Bond markets

What the 30 year Treasury bond is telling us.

On Wednesday, the government auctioned off $12 billion in U.S. Treasury 30 year bonds for the astoundingly low interest rate of 2.172%. These are taxable bonds. This means that the investors in these bonds expect essentially no economic growth in the U.S. in the next thirty years.

Consider what 30 years of “steady state” economic growth would mean.

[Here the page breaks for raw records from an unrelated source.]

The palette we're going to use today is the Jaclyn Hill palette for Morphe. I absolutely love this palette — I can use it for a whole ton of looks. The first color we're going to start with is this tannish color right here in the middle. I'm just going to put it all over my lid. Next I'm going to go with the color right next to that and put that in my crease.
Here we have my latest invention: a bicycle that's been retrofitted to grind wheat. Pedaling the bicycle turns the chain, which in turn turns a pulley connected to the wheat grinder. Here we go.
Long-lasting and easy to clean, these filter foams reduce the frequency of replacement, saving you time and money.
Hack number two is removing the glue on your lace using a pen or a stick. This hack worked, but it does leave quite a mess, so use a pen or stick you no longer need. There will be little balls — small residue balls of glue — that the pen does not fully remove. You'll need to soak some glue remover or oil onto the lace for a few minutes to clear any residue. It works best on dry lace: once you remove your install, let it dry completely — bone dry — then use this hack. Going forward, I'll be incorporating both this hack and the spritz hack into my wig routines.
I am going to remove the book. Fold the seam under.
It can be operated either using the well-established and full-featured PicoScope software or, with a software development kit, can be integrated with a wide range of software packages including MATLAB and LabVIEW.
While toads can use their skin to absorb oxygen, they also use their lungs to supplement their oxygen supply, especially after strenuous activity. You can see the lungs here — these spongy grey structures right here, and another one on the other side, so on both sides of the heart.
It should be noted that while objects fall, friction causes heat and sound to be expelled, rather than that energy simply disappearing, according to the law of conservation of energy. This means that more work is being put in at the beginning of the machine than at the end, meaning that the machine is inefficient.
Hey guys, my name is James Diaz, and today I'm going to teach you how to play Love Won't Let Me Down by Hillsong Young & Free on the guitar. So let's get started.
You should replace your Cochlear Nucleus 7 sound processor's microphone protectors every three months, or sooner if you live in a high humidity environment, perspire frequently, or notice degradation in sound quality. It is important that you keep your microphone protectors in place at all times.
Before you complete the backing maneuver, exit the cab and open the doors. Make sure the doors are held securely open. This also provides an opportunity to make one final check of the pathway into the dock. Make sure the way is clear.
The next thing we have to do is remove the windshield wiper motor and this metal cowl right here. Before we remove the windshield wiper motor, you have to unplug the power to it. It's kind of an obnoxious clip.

It would mean that the stock market indexes should stall where they are or rise until the average dividend is lower than bonds, although individual issues should do well. Index funds gonna suck.
It means that we should all save much much more because average investment returns will be small.
It means that they don’t expect interest rates to rise ever. Cash and C.D’s will have zero return for the next thirty years.
It means the American Middle Class will stagnate or fade. Upward mobility will require either luck, educational prowess, or unique skills in wealth creation.
This suggests, that, should this interest rate be an accurate indicator, there will be substantial social unrest, perhaps even revolutionary movements, as the American economy withers and American frustration grows. All the central bank interventions and sweeping economic policies haven’t worked.
It seems to me that this is the biggest news of all. After all, there can’t be economic justice for any economic or ethnic group if the entire economy is fading.
Or investors are wrong, and this bond market is simply overpriced, and in a bubble.
We will only know by living through this. Eat your veggies.